The evolution of the Sesia Zone (Western Alps) from Carboniferous to Cretaceous: insights from zircon and allanite geochronology

Abstract

Microscale dating of distinct domains in minerals that contain relics of multiple metamorphic events is a key tool to characterize the polyphase evolution of complex metamorphic terranes. Zircon and allanite from five metasediments and five metaintrusive high-pressure (HP) rocks from the Eclogite Micaschist Complex of the Sesia Zone were dated by SIMS and LA-ICP-MS. In the metasediments, zircon systematically preserves detrital cores and one or two metamorphic overgrowths. An early Permian age is obtained for the first zircon rim in metasediments from the localities of Malone Valley, Chiusella Valley and Monte Mucrone (292 ± 11, 278.8 ± 3.6 and 285.9 ± 2.9 Ma, respectively). In the Malone Valley and Monte Mucrone samples, the early Permian ages are attributed to high-temperature metamorphism and coincide with the crystallization ages of associated mafic and felsic intrusions. This implies that magmatism and metamorphism were coeval and associated to the same tectono-metamorphic extensional event. In the Malone Valley, allanite from a metasediment is dated at 241.1 ± 6.1 Ma and this age is tentatively attributed to a metasomatic/metamorphic event during Permo-Triassic extension.
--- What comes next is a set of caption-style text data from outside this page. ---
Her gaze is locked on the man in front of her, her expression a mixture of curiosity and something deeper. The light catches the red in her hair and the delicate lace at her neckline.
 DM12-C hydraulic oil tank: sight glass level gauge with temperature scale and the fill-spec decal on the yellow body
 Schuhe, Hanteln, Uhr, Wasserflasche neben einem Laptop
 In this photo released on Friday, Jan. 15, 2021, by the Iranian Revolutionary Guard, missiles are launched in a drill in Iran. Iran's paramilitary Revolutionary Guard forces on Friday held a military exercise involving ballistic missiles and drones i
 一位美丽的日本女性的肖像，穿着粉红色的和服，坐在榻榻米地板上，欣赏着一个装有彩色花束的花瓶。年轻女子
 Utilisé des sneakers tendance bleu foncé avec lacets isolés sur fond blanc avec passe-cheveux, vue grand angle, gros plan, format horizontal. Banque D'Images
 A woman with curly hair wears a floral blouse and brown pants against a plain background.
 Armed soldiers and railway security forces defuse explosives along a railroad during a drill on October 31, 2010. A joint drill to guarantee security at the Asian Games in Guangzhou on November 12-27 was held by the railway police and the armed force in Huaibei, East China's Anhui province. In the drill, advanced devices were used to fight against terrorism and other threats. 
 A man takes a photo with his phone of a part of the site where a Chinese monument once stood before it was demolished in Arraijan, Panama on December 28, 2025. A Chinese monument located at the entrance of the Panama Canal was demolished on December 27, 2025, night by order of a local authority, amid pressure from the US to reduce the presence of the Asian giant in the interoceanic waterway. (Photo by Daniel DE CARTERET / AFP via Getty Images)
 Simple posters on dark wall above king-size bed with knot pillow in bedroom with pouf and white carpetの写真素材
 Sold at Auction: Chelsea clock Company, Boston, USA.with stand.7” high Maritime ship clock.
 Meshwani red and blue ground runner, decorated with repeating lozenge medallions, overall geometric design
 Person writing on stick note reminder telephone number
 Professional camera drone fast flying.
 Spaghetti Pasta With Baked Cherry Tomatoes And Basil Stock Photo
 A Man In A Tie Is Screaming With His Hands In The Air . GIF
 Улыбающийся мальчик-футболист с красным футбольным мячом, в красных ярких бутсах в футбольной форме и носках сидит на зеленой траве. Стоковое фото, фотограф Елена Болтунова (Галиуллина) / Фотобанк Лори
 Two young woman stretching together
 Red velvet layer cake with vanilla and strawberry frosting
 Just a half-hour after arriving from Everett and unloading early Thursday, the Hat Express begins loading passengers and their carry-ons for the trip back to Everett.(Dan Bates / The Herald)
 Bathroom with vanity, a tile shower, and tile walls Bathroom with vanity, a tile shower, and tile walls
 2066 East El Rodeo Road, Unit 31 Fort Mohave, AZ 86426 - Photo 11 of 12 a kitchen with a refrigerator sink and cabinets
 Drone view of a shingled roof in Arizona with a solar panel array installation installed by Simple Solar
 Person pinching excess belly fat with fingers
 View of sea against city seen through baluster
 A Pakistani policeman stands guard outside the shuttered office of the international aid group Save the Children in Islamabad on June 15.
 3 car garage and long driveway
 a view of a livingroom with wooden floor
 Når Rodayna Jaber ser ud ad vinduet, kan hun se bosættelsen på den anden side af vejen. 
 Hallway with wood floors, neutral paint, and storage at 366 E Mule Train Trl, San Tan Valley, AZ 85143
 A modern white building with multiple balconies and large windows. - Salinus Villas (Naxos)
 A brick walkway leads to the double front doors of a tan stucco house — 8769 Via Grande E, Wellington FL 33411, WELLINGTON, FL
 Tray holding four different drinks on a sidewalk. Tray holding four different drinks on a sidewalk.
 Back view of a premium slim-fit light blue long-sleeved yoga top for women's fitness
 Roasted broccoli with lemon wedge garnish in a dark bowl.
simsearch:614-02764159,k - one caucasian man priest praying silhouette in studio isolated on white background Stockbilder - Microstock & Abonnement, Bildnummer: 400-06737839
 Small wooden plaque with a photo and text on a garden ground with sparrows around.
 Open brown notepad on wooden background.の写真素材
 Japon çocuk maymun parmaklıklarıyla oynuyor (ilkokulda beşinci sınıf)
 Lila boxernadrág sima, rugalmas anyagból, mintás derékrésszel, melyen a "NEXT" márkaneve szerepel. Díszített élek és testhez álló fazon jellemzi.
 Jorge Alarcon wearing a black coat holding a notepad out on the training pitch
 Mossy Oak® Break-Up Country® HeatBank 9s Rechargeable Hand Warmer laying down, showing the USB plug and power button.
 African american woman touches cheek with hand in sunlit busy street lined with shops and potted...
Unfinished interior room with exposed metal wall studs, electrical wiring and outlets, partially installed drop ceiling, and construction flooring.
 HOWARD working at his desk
Outer zircon rims with a late Cretaceous age (67.4 ± 1.9 Ma) are found only in the micaschist from Monte Mucrone. In metagabbro of the Ivozio Complex, zircon cores yield an intrusive age for the protolith of 340.7 ± 6.8 Ma, whereas Alpine allanite are dated at 62.9 ± 4.2 and 55.3 ± 7.3 Ma. The Cretaceous ages constrain the timing of the HP metamorphic stage. The presence of zircon overgrowth only in the central area of the Eclogite Micaschist Complex is attributed to local factors such as (1) multiple fluid pulses at HP that locally enhanced zircon dissolution and recrystallization, and (2) slightly higher temperatures reached in this area during HP metamorphism.